Ce n'est pas tellement que je me "considère" comme un écrivain des Amériques. La Martinique est une île d'Amérique centrale. C'est un fait. Je fais avec. Et il ne m'est guère possible de faire autrement, pour peu qu'on se souvienne, comme je le disais au tout début, que le vécu qui donne prioritairement sa matière à mon écriture est "le lieu" (paysages, climats, sons, histoires, mythes, textes, espace social, etc.) que j'habite, et qui, comme tout sujet nécessairement situé quelque part, est le point de vue depuis lequel je vois et interroge le reste du monde.
8. Que vous inspire le mot francophonie sur le continent américain ?
Une appartenance supplémentaire et réconfortante. Habiter une langue commune (qui charrie, qu'on le veuille ou non, une histoire, une représentation du monde et des valeurs particulières), c'est au sein de ce vaste espace commun et éclaté qu'est le continent américain, une autre manière, plus resserrée, d'être ensemble et de se comprendre. Tout comme le permet la possibilité, pour nous autres Martiniquais, de partager avec d'autres peuples des Amériques une créolophonie, là aussi porteuse d'expériences et de croyances communes. Loin de céder aux tentations de "l'unique" et du "pur" qui me semblent, de nouveau, travailler certaines sociétés, il y a sans doute lieu de se réjouir et d'approfondir ces liens d'appartenances multiples.

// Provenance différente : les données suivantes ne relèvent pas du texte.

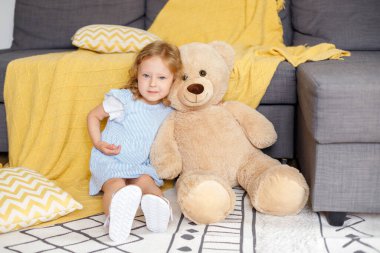 Evinde kocaman yumuşak bir oyuncak ayıyla küçük bir kız.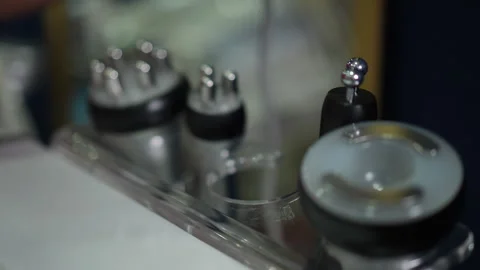 Closeup of skincare applicator selection under clinical lighting Stock Footage 326064651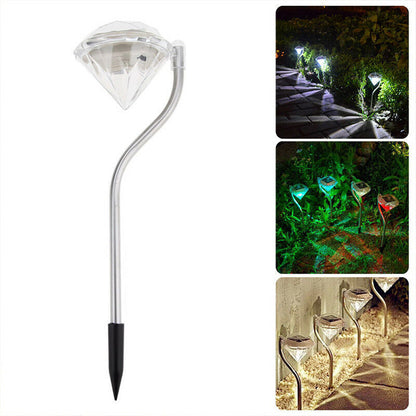Solar powered garden diamond light with faceted crystal design on a decorative stake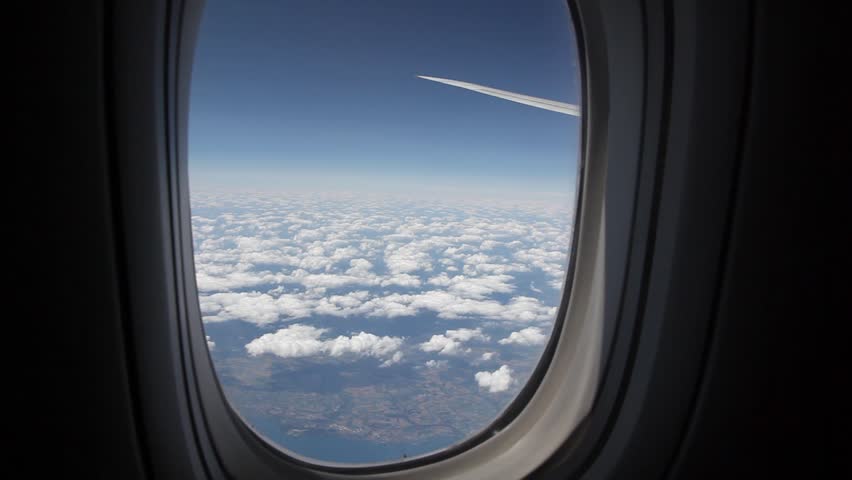Clouds seen through the window of jet airplane. Airplane flies above the weather Royalty-Free Stock Footage #1282480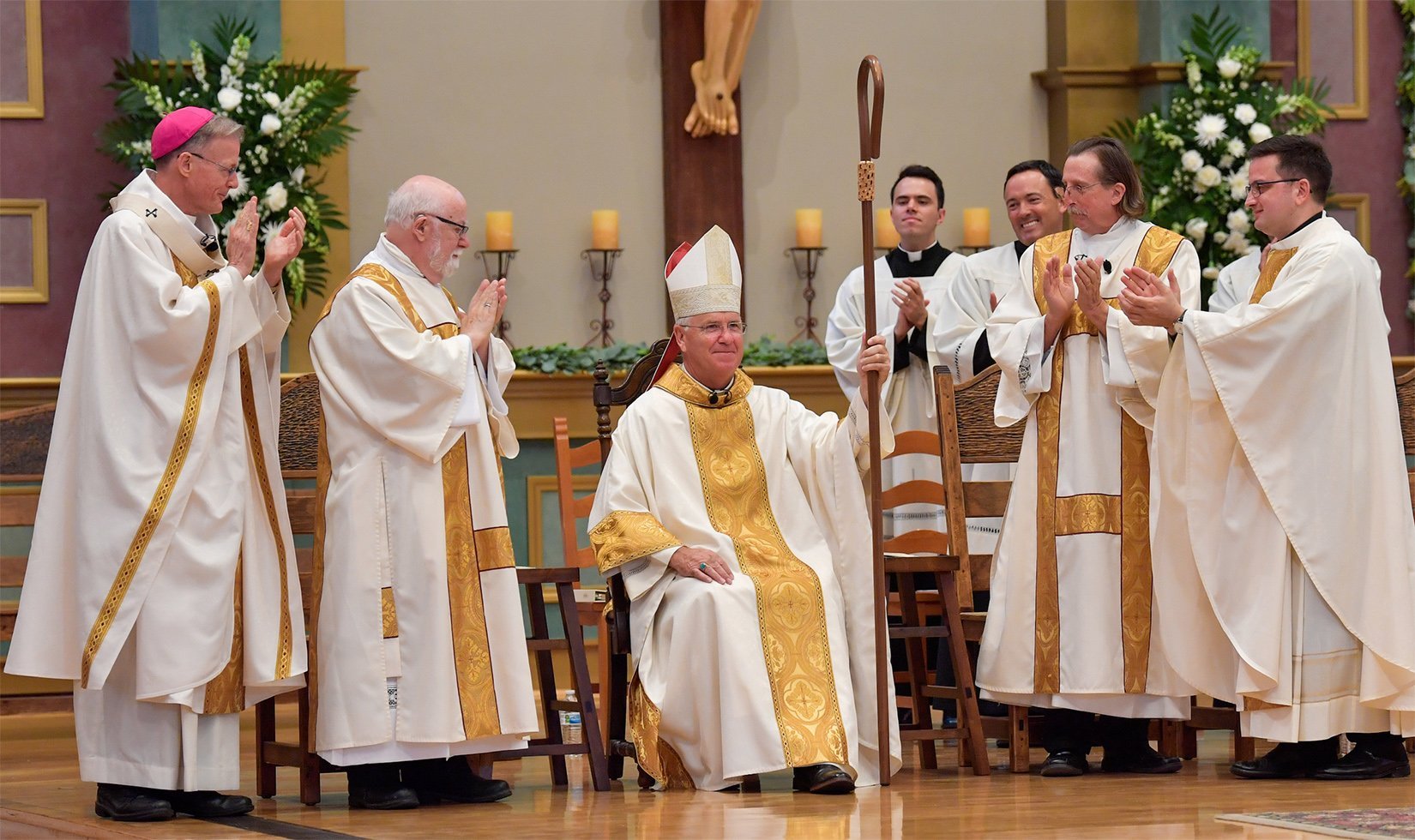 Bishop John P. Dolan, seated, is seen at St. Thomas Aquinas Church in Avondale, Ariz., Aug. 2, 2022, after being installed as the fifth bishop of the Diocese of Phoenix. (CNS photo/Brett Meister, The Catholic Sun)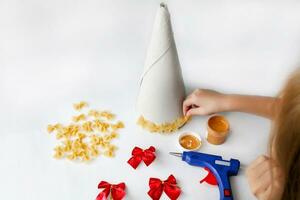 The child is hands glue pasta to the cone for making crafts. Christmas tree made from pasta.  Handmade, DIY. photo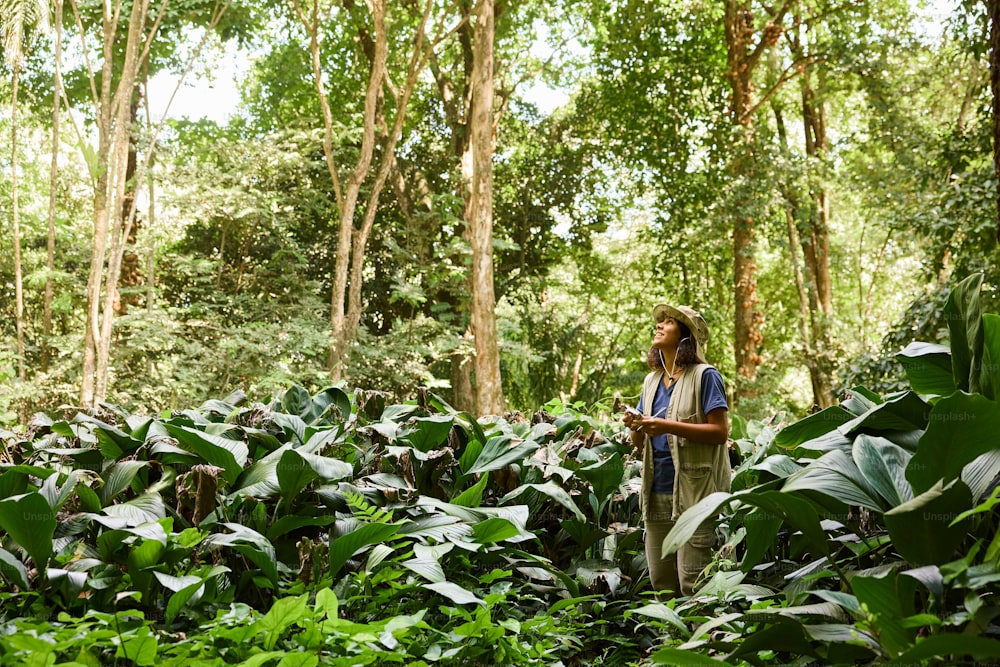 a man standing in the middle of a lush green forest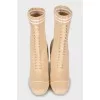 Textile ankle boots with shaped heels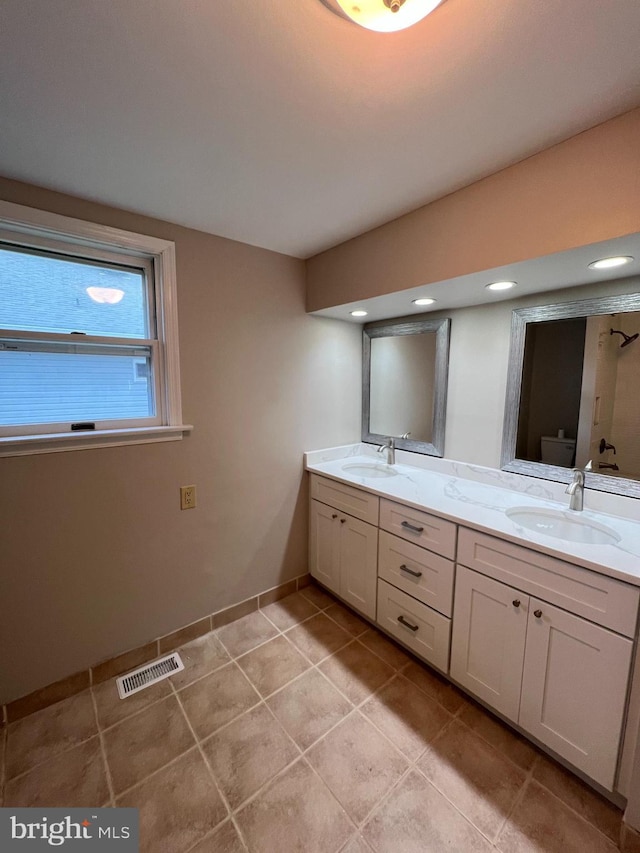 41 N Clinton Ave, Maple Shade, NJ 08052 - bathroom with double vanity and tile patterned flooring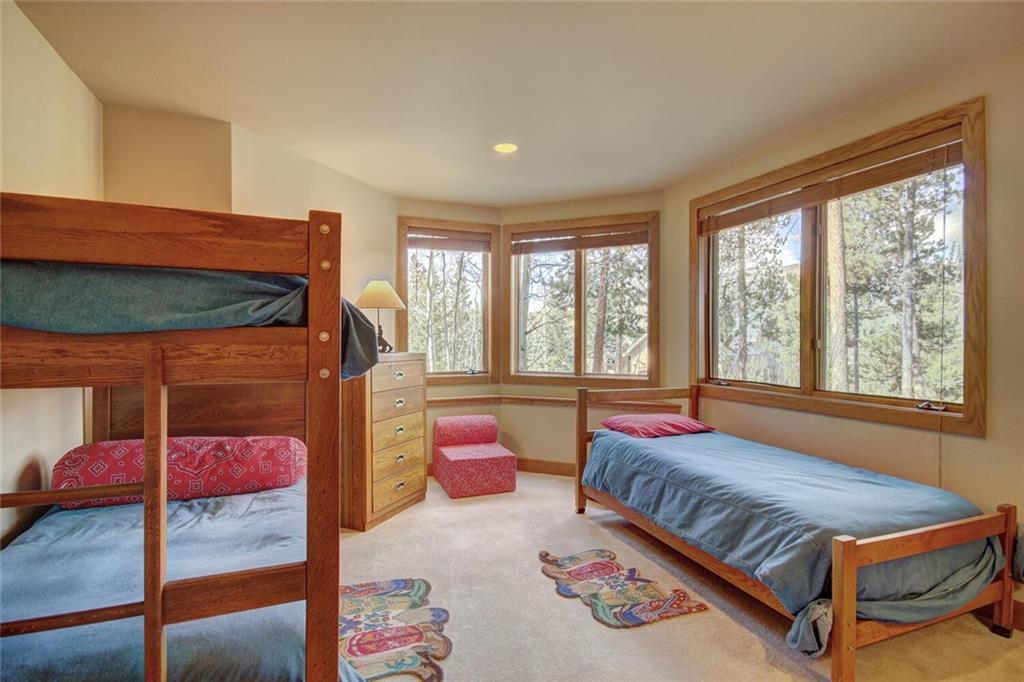 265 Mountain Bluebell Road Keystone, CO 80435 - Photo 26 of 35 a bedroom with a bed and window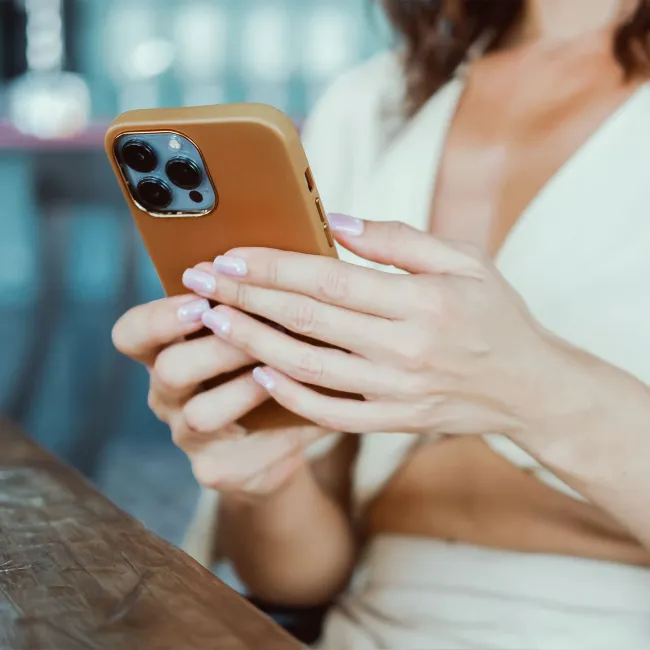 "Stylish woman texting on her iPhone"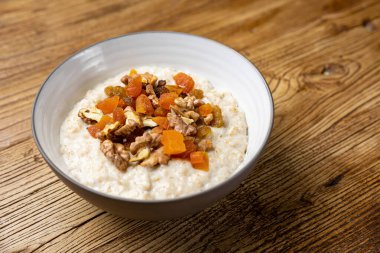 oatmeal with candied fruit and nuts
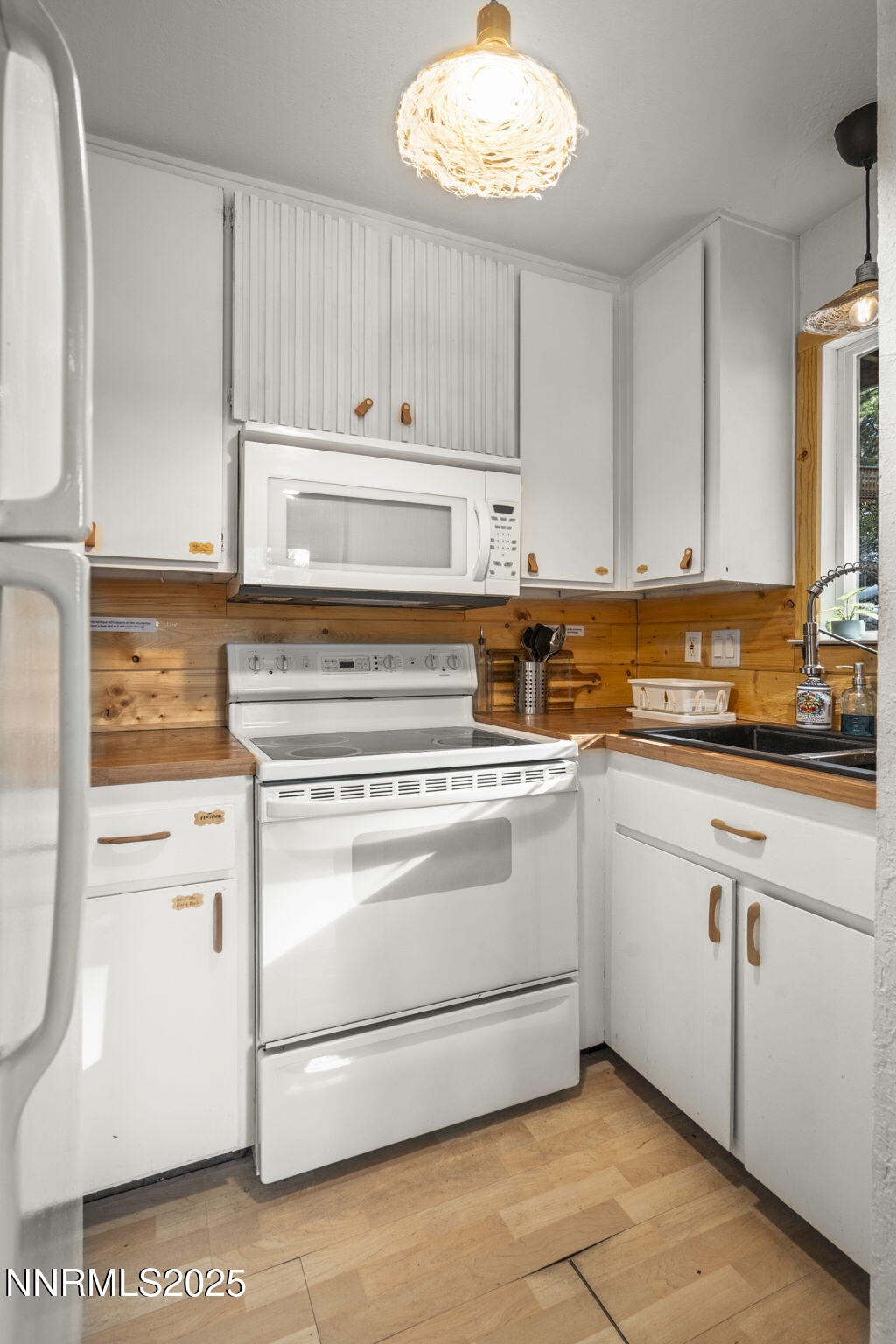 255 Tramway Drive, Unit 1B Stateline, NV 89449 - Photo 8 of 22 a kitchen with appliances cabinets and a sink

Biographie d’Alfred Alexandre
Alfred Alexandre est né en 1970 à Fort-de-France, en Martinique. Après des études de philosophie à Paris, il retourne sur sa terre natale où il vit et exerce pendant un certain temps la profession d’enseignant-formateur en français. Son premier roman Bord de canal (Dapper, 2004) a obtenu le Prix des Amériques insulaires et de la Guyane 2006 et son premier texte théâtral La nuit caribéenne a été choisi parmi les dix meilleurs textes francophones au concours général d’Écriture Théâtrale Contemporaine de la Caraïbe (2007). Concepteur de projets culturels, Alfred Alexandre dirige actuellement l’agence d’auteur.e.s Ecriture théâtrale contemporaine en Caraïbe (Etc_Caraïbe), pour laquelle il a conçu le projet «Îles et continents ». Il est un des fondateurs et gestionnaires du collectif d’artistes Terre d’Arts, installé à Fort-de-France dans le parc naturel de Tivoli. Il est associé, en qualité de dramaturge, à la compagnie théâtrale 6e Continent/Les enfants de la mer.